[What is needed]:
Give the data back exactly. Leave out any images.

[Available data]:
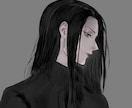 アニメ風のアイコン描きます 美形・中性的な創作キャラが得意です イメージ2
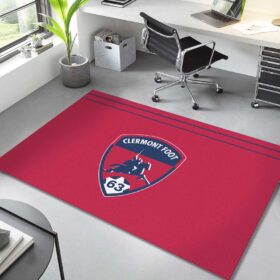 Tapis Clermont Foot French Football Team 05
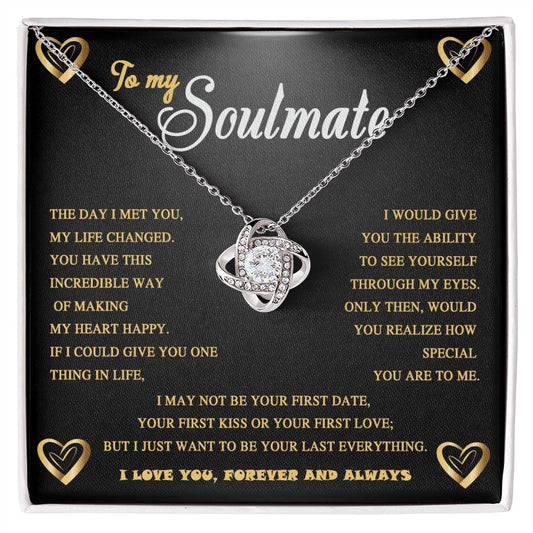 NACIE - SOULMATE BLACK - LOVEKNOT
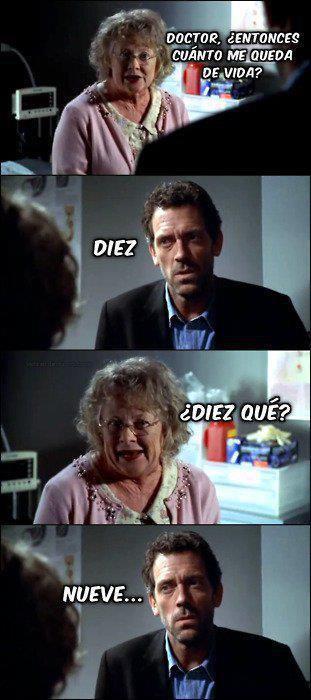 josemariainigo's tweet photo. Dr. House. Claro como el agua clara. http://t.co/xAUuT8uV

[Result for this task]:
 アニメ風のアイコン描きます 美形・中性的な創作キャラが得意です イメージ2
 Tapis Clermont Foot French Football Team 05
 NACIE - SOULMATE BLACK - LOVEKNOT
 josemariainigo's tweet photo. Dr. House. Claro como el agua clara. http://t.co/xAUuT8uV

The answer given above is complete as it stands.